Division of Neuroblastoma Genomics

PD Dr. Frank Westermann

Figure 1: Clustering based on enhancer activity as defined by tumor-ChiP-seq.
Figure 2: Translocation event in neuroblastoma cells analyzed using 4C– enhancer hijacking.
© dkfz.de

Neuroblastoma is the most common pediatric single-entity solid cancer derived from primitive cells of the peripheral sympathetic nervous system. It is characterized by heterogeneous clinical phenotypes ranging from spontaneous regression to malignant progression despite intensive multimodal therapies. Malfunction of the MYCN transcription factor is a key feature of neuroblastoma biology and is involved in almost every aspect of tumor formation such as unrestricted proliferation, differentiation inhibition, reprogramming of cellular energetics, angiogenesis, infiltration/metastasis and genomic instability.

Overall aim of our work is to integrate next-generation molecular diagnostics for a more precise patient risk stratification and to develop molecularly targeted therapies based on a better understanding of the molecular mechanisms underlying neuroblastoma tumorigenesis.

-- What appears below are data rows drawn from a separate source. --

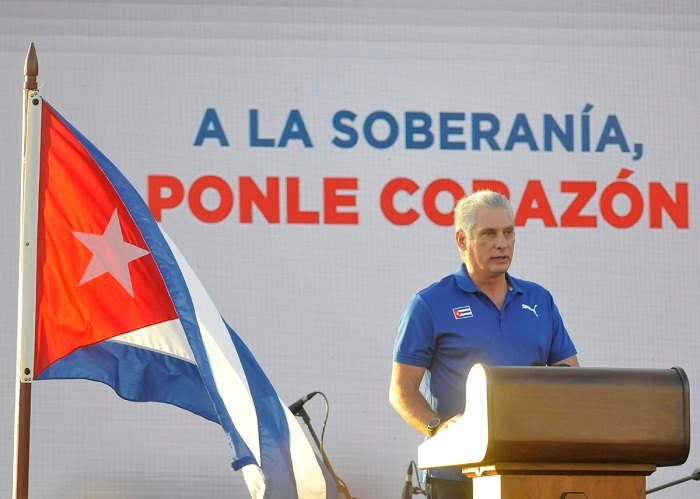 Präsident der Republik, Miguel Díaz-Canel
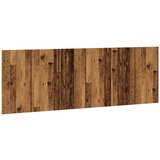 Maison Chic posteljno vzglavje - vzglavna omarica - nočna omarica starinski les 240x1,5x80 cm inženirski les, (21707528) Cene
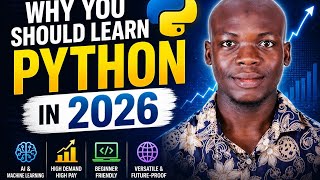 Why You Should Learn Python in 2026 (Don’t Miss This!)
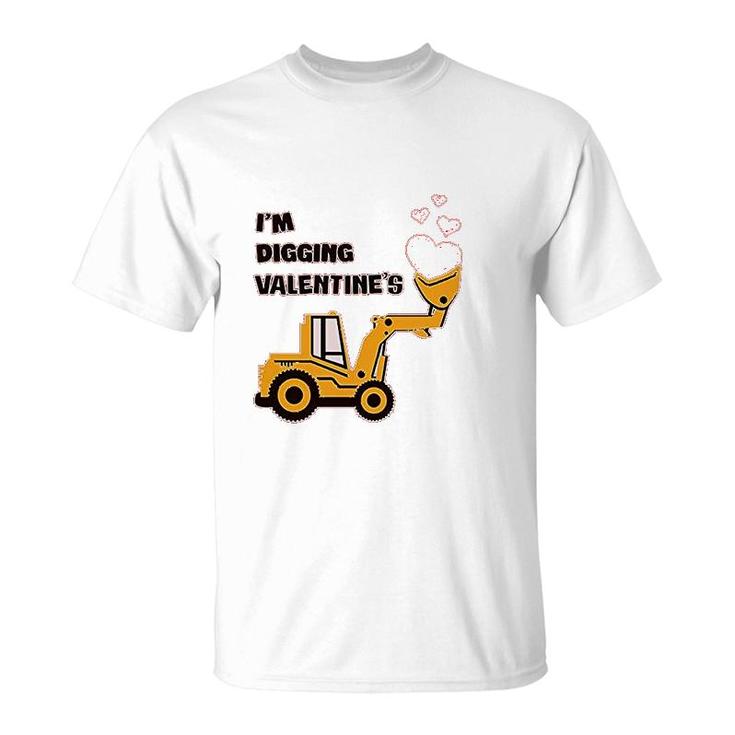 I'm Digging Valentine's Gift Loving T-Shirt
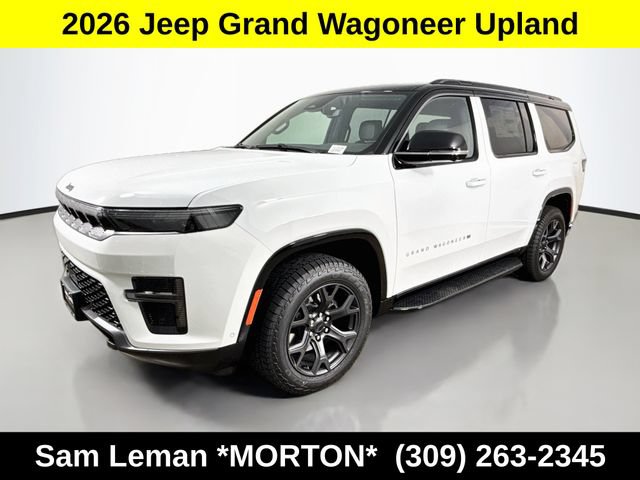 New 2026 Jeep Grand Wagoneer 4WD w/ Quick Order Packge 29V Upland image 3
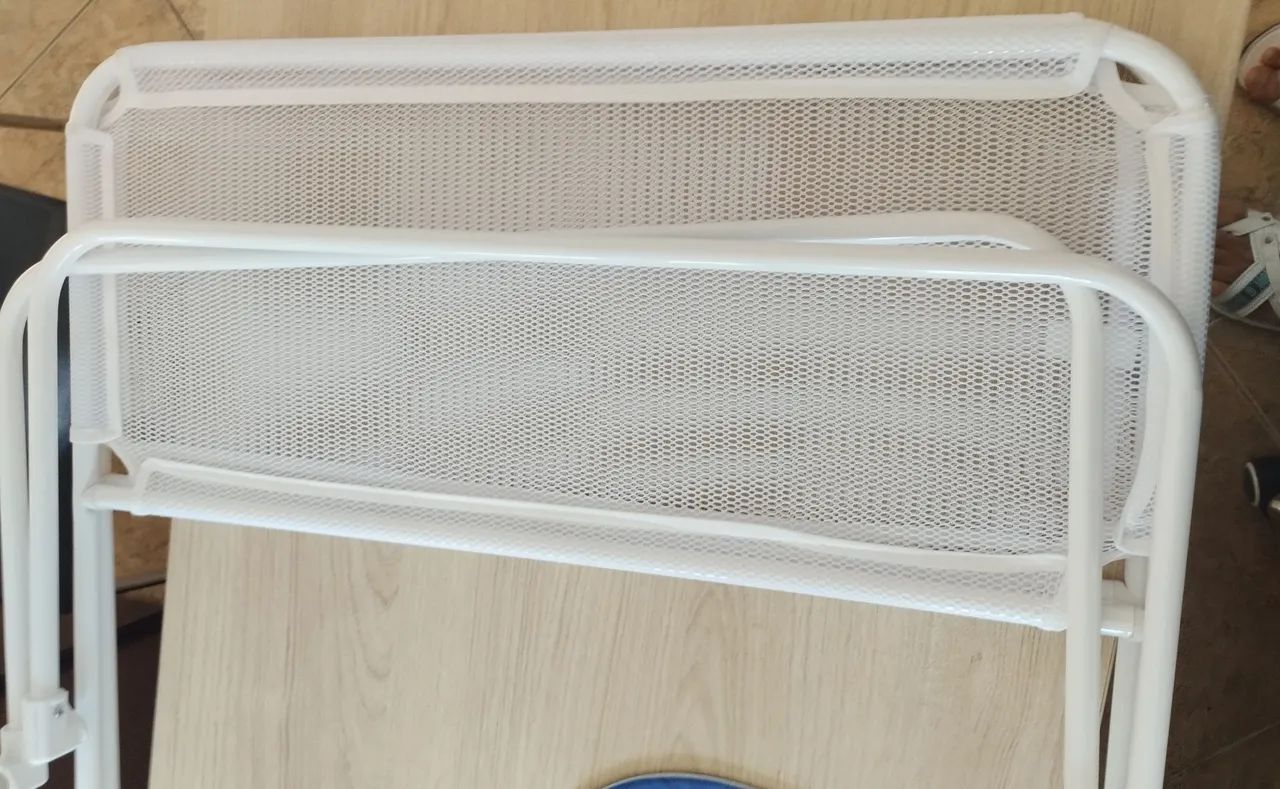 Grade de proteção para cama - bebê idoso - NOVA  - Foto 4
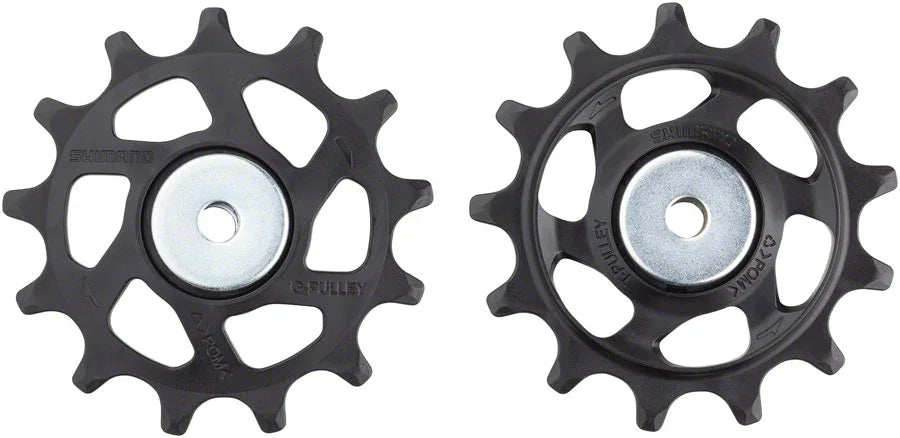 SLX RD-M7100 Rear Derailleur Tension and Guide Pulley Set - Bicycle Warehouse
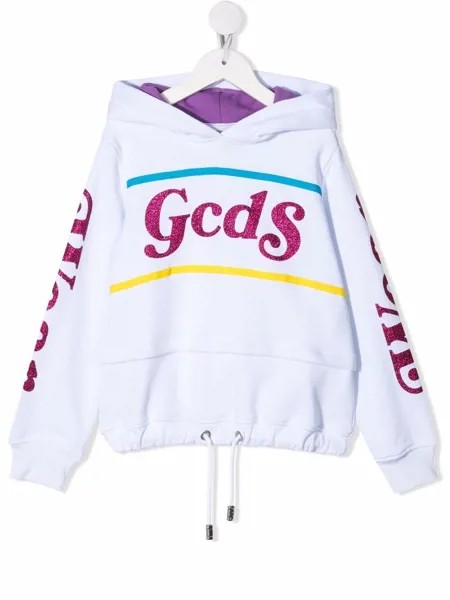 Gcds Kids худи с логотипом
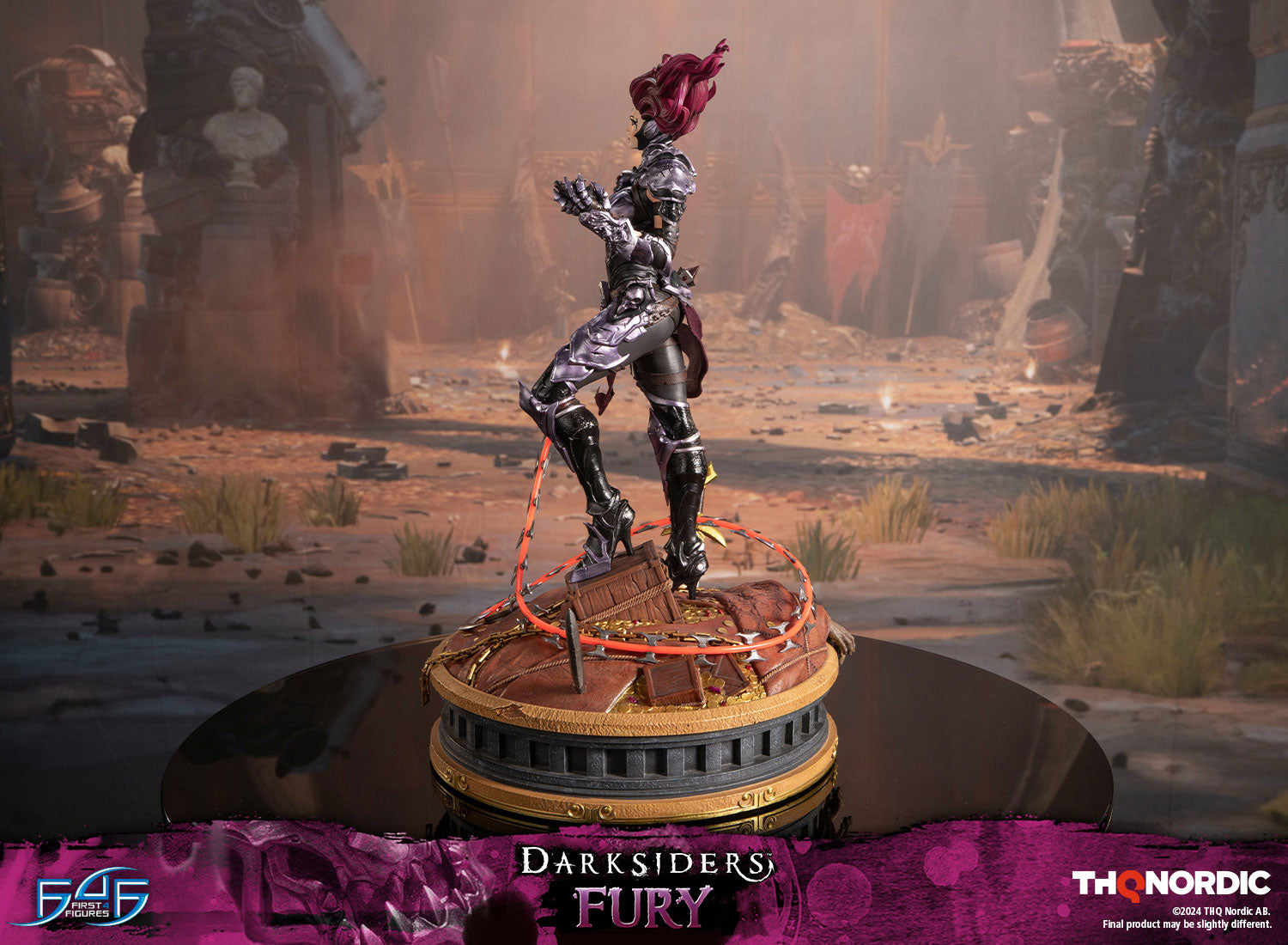 PRE-ORDER First4Figures - Darksiders - Fury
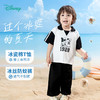 迪士尼【米奇凉感短袖防蚊裤套装】25夏季新款男童冰感T恤休闲裤套装ZD2ET028 商品缩略图0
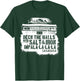 Deck Funny The Funny Halls With Salt & Iron Impala la la T-Shirt - T-Shirt | Forest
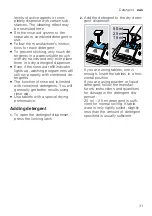 Preview for 31 page of Siemens SN65HX01CA User Manual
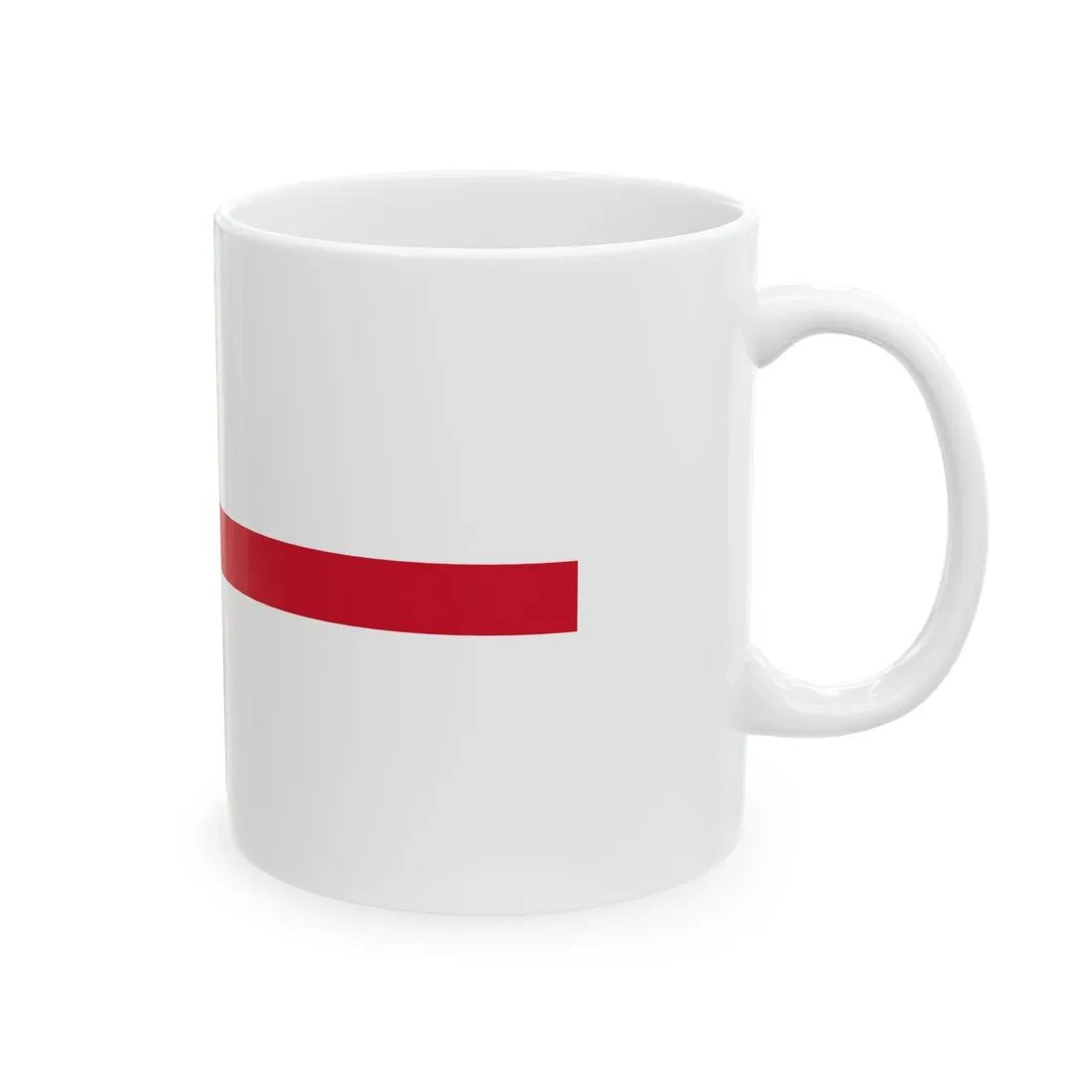 Naval Ensign of the West Indies Federation 1958-1962 (Antigua and Barbuda) White Coffee Mug - Go Mug Yourself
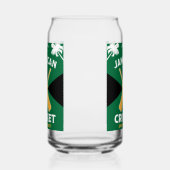 Jamaica Cricket Blikvorm Glas (Rechts)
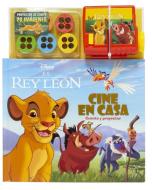 El rey león : cine en casa di Disney Enterprises, Walt Disney edito da Libros Disney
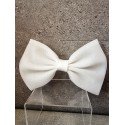 IVORY FIRST HOLY COMMUNION BOW STYLE PL33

We use microarray-based technologies as well as next-generation sequencing with the specific aim to define genetic and epigenetic alterations associated with distinct neuroblastoma subtypes (project NB genome/epigenome/transcriptome). The project NB oncogenes activated by enhancer hijacking focuses on the comprehensive characterization of enhancer translocations in NB using an integrated analysis combining whole genome sequencing (WGS), RNA-seq, ChIP-seq and 4C chromatin context analyses. In addition, we use high-throughput si/shRNA screens to disclose neuroblastoma-specific vulnerabilities associated with distinct genetic aberrations, such as amplified MYCN, TERT rearrangements, or ATRX deletions (project NB Achilles). These structural and functional genomic screens are further complemented by systems biology approaches to understand MYCN protein functions regulating cell cycle progression, apoptosis and senescence in normal and cancer cells (project MYC-NET). Finally, we have a focus on the identification of molecular pathways involved in the activation of chromosomal fragile sites as a prominent initiating event in the generation of chromosomal damage, particularly DNA deletions and DNA amplifications (Fragilome Project).

NB super-enhancer visualization tool
NB developmental programs visualization tool

Contact

PD Dr. Frank Westermann
Neuroblastoma Genomics (B087)
Deutsches Krebsforschungszentrum
Im Neuenheimer Feld 280
69120 Heidelberg
Tel: +49 6221 423219

Selected Publications

  • Jansky, S., A. K. Sharma, V. Körber, A. Quintero, U. H. Toprak, E. M. Wecht, M. Gartlgruber, A. Greco, E. Chomsky, T. G. P. Grünewald, K.-O. Henrich, A. Tanay, C. Herrmann, T. Höfer and F. Westermann (2021). "Single-cell transcriptomic analyses provide insights into the developmental origins of neuroblastoma." Nature Genetics.
  • Hartlieb, S. A.*, L. Sieverling*, M. Nadler-Holly, M. Ziehm, U. H. Toprak, C. Herrmann, N. Ishaque, K. Okonechnikov, M. Gartlgruber, Y.-G. Park, E. M. Wecht, L. Savelyeva, K.-O. Henrich, C. Rosswog, M. Fischer, B. Hero, D. T. W. Jones, E. Pfaff, O. Witt, S. M. Pfister, R. Volckmann, J. Koster, K. Kiesel, K. Rippe, S. Taschner-Mandl, P. Ambros, B. Brors, M. Selbach, L. Feuerbach and F. Westermann§ (2021). "Alternative lengthening of telomeres in childhood neuroblastoma from genome to proteome." Nature Communications 12(1): 1269.
  • Gartlgruber, M., A. K. Sharma, A. Quintero, D. Dreidax, S. Jansky, Y.-G. Park, S. Kreth, J. Meder, D. Doncevic, P. Saary, U. H. Toprak, N. Ishaque, E. Afanasyeva, E. Wecht, J. Koster, R. Versteeg, T. G. P. Grünewald, D. T. W. Jones, S. M. Pfister, K.-O. Henrich, J. van Nes, C. Herrmann*§ and F. Westermann*§ (2021). "Super enhancers define regulatory subtypes and cell identity in neuroblastoma." Nature Cancer 2(1): 114-128. *equal contribution
  • Jones, D. T. W., A. Banito, T. G. P. Grunewald, M. Haber, N. Jager, M. Kool, T. Milde, J. J. Molenaar, A. Nabbi, T. J. Pugh, G. Schleiermacher, M. A. Smith, F. Westermann and S. M. Pfister (2019). "Molecular characteristics and therapeutic vulnerabilities across paediatric solid tumours." Nat Rev Cancer 19(8): 420-438.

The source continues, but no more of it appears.